# Task 0: Getting access to key files

In [None]:
from google.colab import drive
drive.mount('/content/drive')

!cp drive/MyDrive/larsoft_workshop_files/*.py .
!cp drive/MyDrive/larsoft_workshop_files/*.pt .
!cp drive/MyDrive/larsoft_workshop_files/*.gz .
!tar xzf images.tar.gz

# Task 1: Transfer learning for neutral current interaction classification

We'll start by importing all of the Python modules required for this notebook - there are numerous other modules used by supporting code, but we'll ignore those here. We only require direct  access to tools to allow us to copy model state, time our training runs, run various torch code and construct a ResNet.

In [None]:
import copy, time, torch, torchvision as tv

The files below come from the linked Google Drive and provide custom code to support these tutorials. If you're interested, feel free to look through them and ask questions about what they do, but a detailed understanding shouldn't be necessary for this tutorial

In [None]:
from data_utils import *
from helpers import *
from model_utils import *
from training_utils import *

The model we'll be using is based on a ResNet18 CNN. PyTorch already have this model defined via torchvision, so we don't need to construct it from scratch ourselves. It's also possible to request that PyTorch download and populate the model with weights determined from extensive training on ImageNet, though we won't do that here, because we'll be using a slightly different set of weights to get started.
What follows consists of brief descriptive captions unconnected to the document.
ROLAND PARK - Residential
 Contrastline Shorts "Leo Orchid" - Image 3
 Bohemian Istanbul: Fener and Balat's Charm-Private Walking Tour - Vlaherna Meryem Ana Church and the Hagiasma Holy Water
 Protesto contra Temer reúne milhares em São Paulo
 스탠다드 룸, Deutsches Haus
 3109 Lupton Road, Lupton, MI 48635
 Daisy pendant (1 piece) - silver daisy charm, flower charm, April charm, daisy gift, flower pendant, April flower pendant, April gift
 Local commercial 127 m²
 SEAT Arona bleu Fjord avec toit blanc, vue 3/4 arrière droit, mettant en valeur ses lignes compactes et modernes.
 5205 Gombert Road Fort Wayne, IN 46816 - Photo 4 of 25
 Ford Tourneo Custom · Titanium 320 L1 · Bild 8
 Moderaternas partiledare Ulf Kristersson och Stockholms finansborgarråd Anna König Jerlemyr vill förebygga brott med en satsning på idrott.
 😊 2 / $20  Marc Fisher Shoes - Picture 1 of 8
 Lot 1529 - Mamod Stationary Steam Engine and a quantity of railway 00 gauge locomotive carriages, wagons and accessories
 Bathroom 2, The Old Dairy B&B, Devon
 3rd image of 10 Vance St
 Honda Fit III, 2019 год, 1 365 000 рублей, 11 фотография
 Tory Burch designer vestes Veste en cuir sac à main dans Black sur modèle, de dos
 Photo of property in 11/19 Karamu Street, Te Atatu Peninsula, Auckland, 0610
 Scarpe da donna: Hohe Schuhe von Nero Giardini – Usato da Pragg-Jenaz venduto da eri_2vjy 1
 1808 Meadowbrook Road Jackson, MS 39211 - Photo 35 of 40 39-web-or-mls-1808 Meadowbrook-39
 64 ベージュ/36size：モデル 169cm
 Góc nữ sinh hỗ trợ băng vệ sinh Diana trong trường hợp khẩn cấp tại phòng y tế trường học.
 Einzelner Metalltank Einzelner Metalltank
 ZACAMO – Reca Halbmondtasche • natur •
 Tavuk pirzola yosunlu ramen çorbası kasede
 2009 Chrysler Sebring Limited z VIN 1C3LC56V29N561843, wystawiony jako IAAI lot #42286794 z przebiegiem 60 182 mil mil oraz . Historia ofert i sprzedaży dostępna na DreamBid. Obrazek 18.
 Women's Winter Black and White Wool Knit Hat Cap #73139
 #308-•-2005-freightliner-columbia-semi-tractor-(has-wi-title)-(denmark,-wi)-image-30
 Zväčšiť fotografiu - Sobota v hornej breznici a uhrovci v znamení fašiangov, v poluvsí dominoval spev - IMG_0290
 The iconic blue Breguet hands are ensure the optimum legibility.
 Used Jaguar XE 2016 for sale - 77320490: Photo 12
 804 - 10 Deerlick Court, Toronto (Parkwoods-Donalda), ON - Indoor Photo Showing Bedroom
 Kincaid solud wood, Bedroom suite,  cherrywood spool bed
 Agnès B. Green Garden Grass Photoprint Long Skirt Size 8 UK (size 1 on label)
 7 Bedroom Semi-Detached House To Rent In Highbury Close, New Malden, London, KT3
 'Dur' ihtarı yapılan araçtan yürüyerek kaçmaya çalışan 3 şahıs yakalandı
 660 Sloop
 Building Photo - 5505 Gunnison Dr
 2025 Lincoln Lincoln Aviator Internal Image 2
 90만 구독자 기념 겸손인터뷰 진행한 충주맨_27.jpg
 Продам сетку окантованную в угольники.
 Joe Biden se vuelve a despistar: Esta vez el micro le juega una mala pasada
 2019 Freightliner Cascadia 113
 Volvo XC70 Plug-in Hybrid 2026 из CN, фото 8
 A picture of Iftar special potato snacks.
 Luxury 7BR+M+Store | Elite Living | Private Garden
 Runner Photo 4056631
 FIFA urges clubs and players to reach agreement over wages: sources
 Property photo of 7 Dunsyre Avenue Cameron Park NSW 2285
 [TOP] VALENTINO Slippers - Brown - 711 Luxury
The following cell sets up the standard ResNet18 model and provides a summary description. As you can see, even the smallest ResNet has a large number of parameters.

In [None]:
model = tv.models.resnet18(pretrained=False)
model

A network has already been pretrained on charged current interactions that will form the base network that you will modify and tune throughout the tasks. However, if you tried to load the weights from this model now, it would fail. Why?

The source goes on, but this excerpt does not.